What you're trying to do is use a "symbolic reference". Searching on that term will probably help a lot.
I see two problems here:
- First, use strict will prevent you from using symbolic references at all, because they are generally a bad idea. You should probably do as toolic suggested, and use a hash of hashes. That said, to turn off strictness, use no strict 'refs'; within a block.
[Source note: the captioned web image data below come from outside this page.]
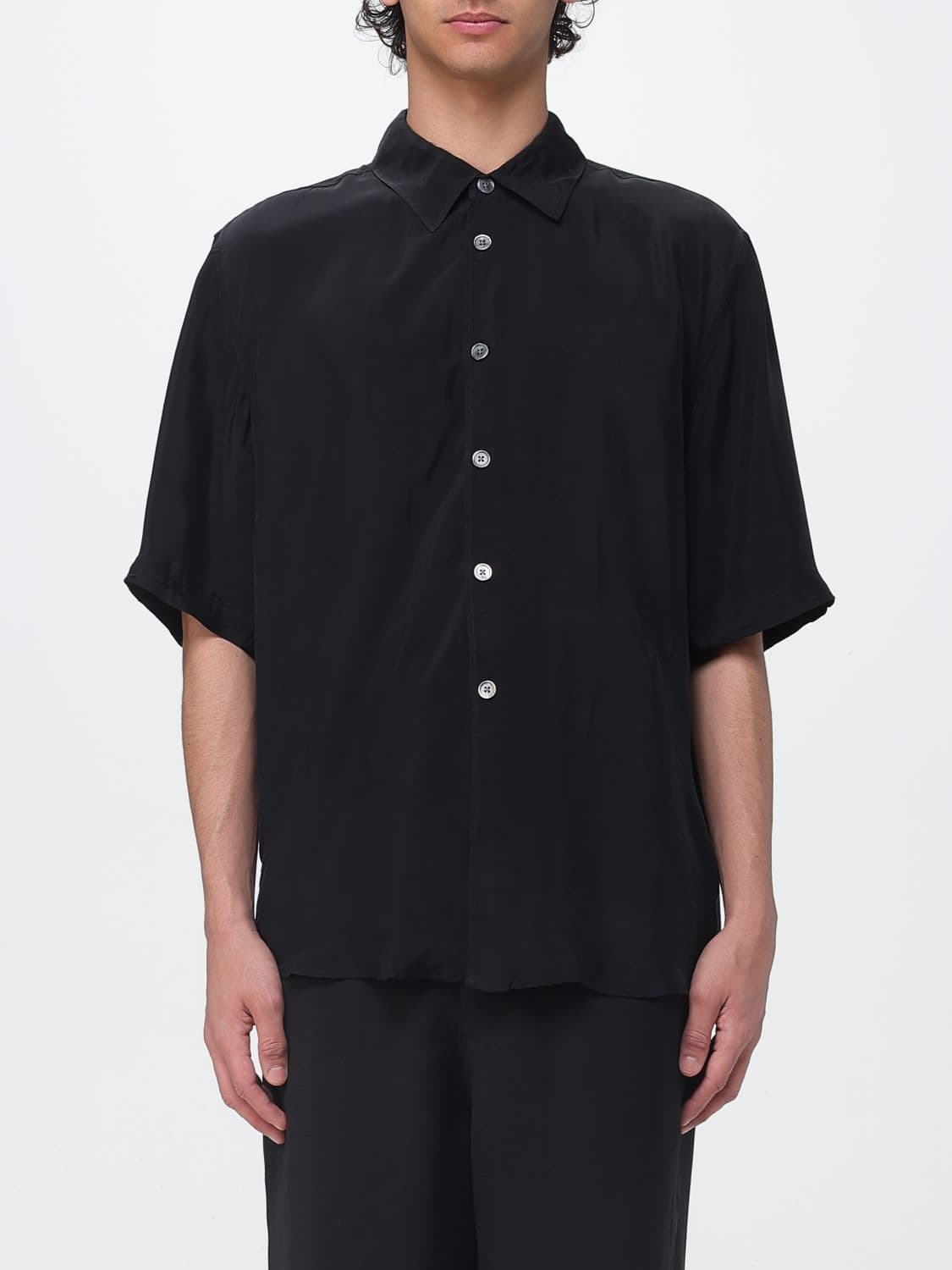 Our Legacy Short-Sleeved Cupro Shirt with a French Collar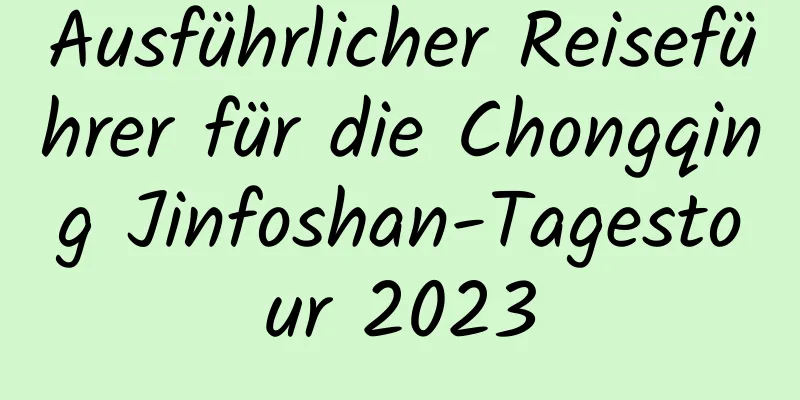 Ausführlicher Reiseführer für die Chongqing Jinfoshan-Tagestour 2023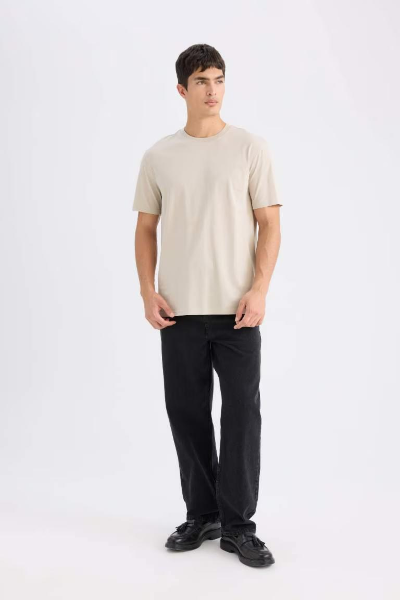 Resim Defacto Erkek  T-shirt V7699AZ/BG170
- Second, symbolic references work by looking up the name of a variable in the symbol table. Only global variables live in the symbol table (though many are placed in packages); the other major type of variable in perl is a lexical variable, which does not appear in teh symbol table. You declare lexical variables using teh keyword my. By saying my %cs101 = ..., you've made it a lexical variable, gaurenteeing it will never show up in the symbol table, and a symbolic ref to it will not work. One way to declare global variables is to use the keyword our (this has aliasing affects in a package as well, but that won't affect things here.)
Here's a working version:
use strict;
use warnings;
our %cs101 = ("joe"=> "80" );
print "Choose which hash\n";
chomp (my $input = <STDIN>);
#my $whichhash=\%cs101;
my $whichhash="$input";
sub hashvalues {
no strict 'refs';
while( my ($key, $value) = each (%{$whichhash}) ) {
print "$key $value\n";
}
}
&hashvalues;
Read perldoc perlref, focusing on the sections for symbolic references.